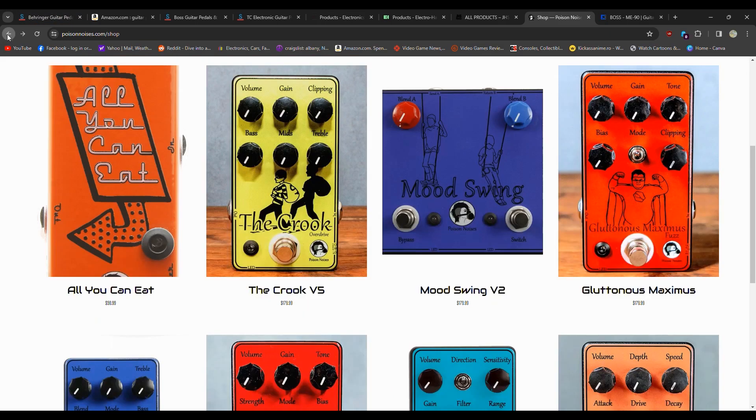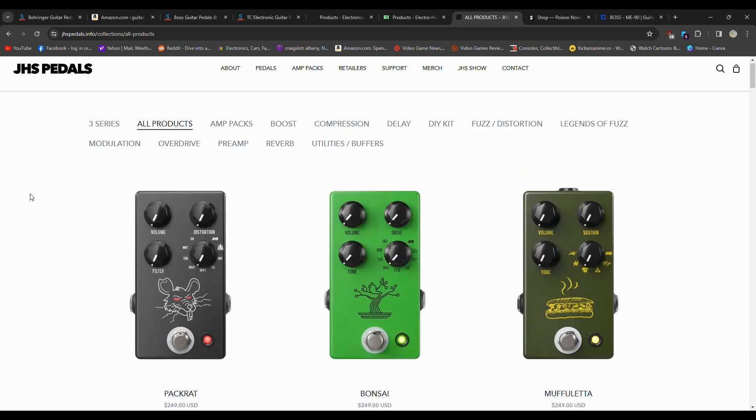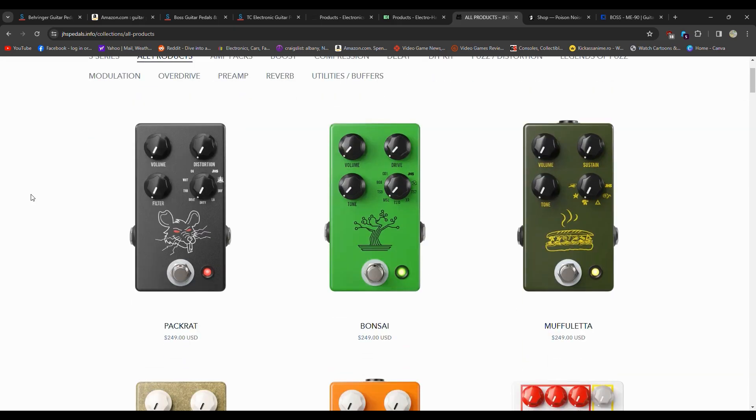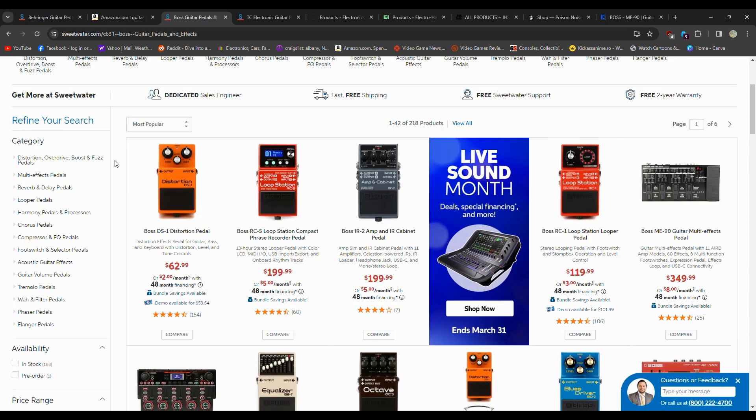In terms of pedals, if you're brand new, start on the cheaper end and learn what you like. If you've got the money to go boutique, sure — it's your money, do whatever you want with it. I say that in a lot of my videos. Behringer is a good place to start. Boss is the standard for pretty much everything. TC Electronics, Electro-Harmonix, Dunlop, MXR. Maybe stay away from the random cheap Amazon pedals because they haven't been around long and I'm not sure how they hold up.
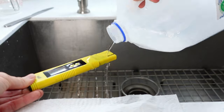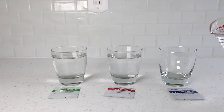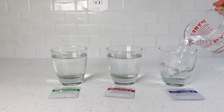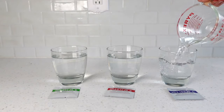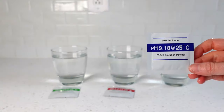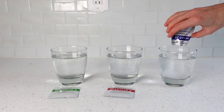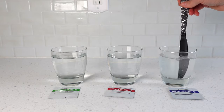Rinse the meter off and gently remove the excess water. For the third and final calibration, prepare another glass of 250 milliliters of distilled water and get it to the correct temperature. Open the blue 9.1 packet and empty the contents into the glass. Stir until completely dissolved.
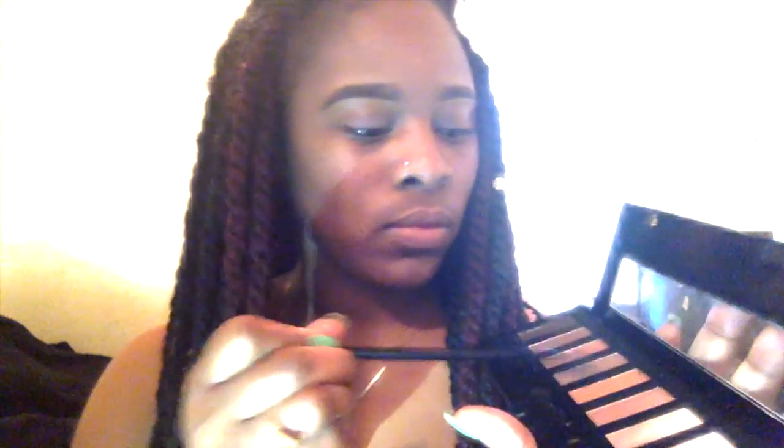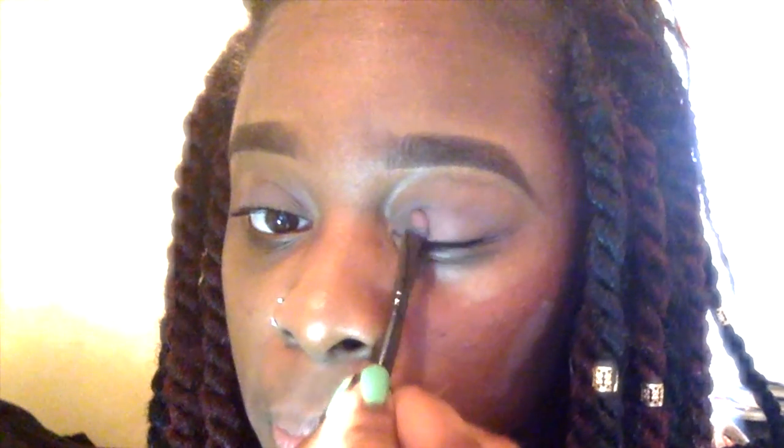I'm going to start with the nude palette and with my eyeshadow brush I'm going to go inside of the nude palette and take a plum-like color and apply that to the top of my lid. I'm going to pat it into my lid so the color can stay and last longer. I'm going to continue patting on more of the color just so it can give my eyes a pop.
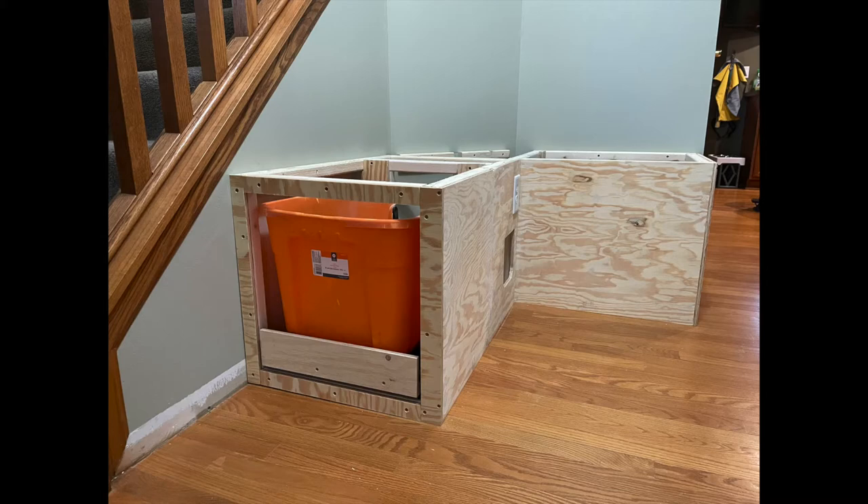Welcome to Carly Tackle's Storage Bench with Concealed Litter Boxes, Part 2.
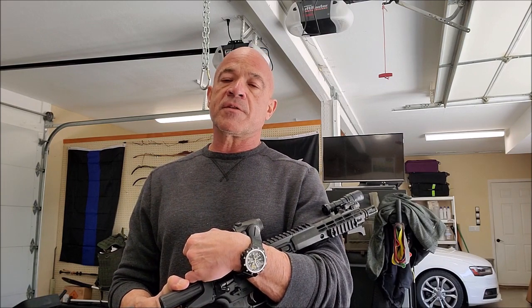Hi everybody, Gabe Suarez here from Suarez International. Today we're continuing with our rifle discussion and today we're going to be talking about reloading.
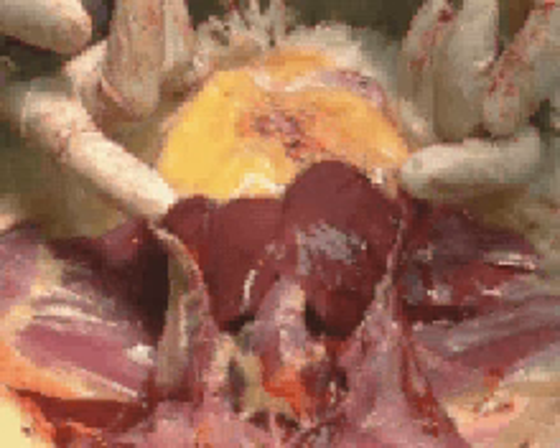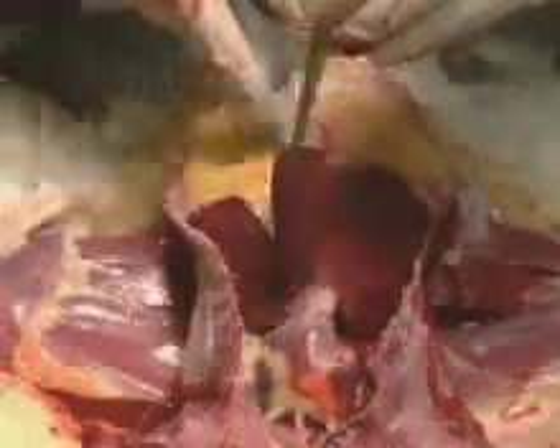This liver is normal in shape and in color. If we were wanting to sample that liver for histopathology or for culture, it could be done in this manner. The liver could be grasped with a forceps, a large piece excised.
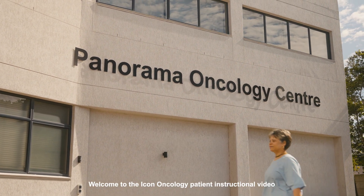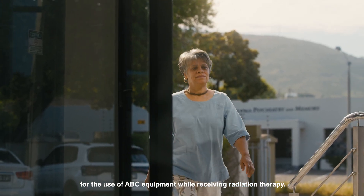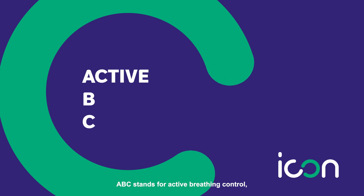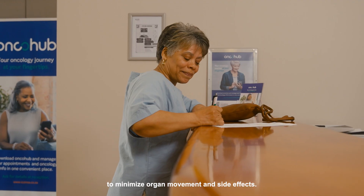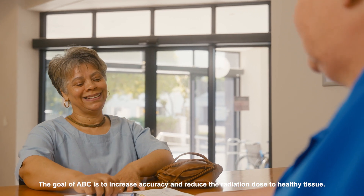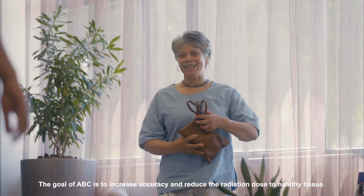Welcome to the ICON Oncology patient instructional video for the use of ABC equipment while receiving radiation therapy. ABC stands for Active Breathing Control and it's used at selected ICON radiotherapy units around the country to minimize organ movement and side effects. The goal of ABC is to increase accuracy and reduce the radiation dose to healthy tissue.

*WHAT THE TASK REQUIRES*
When a record holds a picture, leave that picture out; copy the rest verbatim.

*TASK RESPONSE*
In terms of pedals, if you're brand new, start on the cheaper end and learn what you like. If you've got the money to go boutique, sure — it's your money, do whatever you want with it. I say that in a lot of my videos. Behringer is a good place to start. Boss is the standard for pretty much everything. TC Electronics, Electro-Harmonix, Dunlop, MXR. Maybe stay away from the random cheap Amazon pedals because they haven't been around long and I'm not sure how they hold up.
Rinse the meter off and gently remove the excess water. For the third and final calibration, prepare another glass of 250 milliliters of distilled water and get it to the correct temperature. Open the blue 9.1 packet and empty the contents into the glass. Stir until completely dissolved.
I'm going to start with the nude palette and with my eyeshadow brush I'm going to go inside of the nude palette and take a plum-like color and apply that to the top of my lid. I'm going to pat it into my lid so the color can stay and last longer. I'm going to continue patting on more of the color just so it can give my eyes a pop.
Welcome to Carly Tackle's Storage Bench with Concealed Litter Boxes, Part 2.
Hi everybody, Gabe Suarez here from Suarez International. Today we're continuing with our rifle discussion and today we're going to be talking about reloading.
This liver is normal in shape and in color. If we were wanting to sample that liver for histopathology or for culture, it could be done in this manner. The liver could be grasped with a forceps, a large piece excised.
Welcome to the ICON Oncology patient instructional video for the use of ABC equipment while receiving radiation therapy. ABC stands for Active Breathing Control and it's used at selected ICON radiotherapy units around the country to minimize organ movement and side effects. The goal of ABC is to increase accuracy and reduce the radiation dose to healthy tissue.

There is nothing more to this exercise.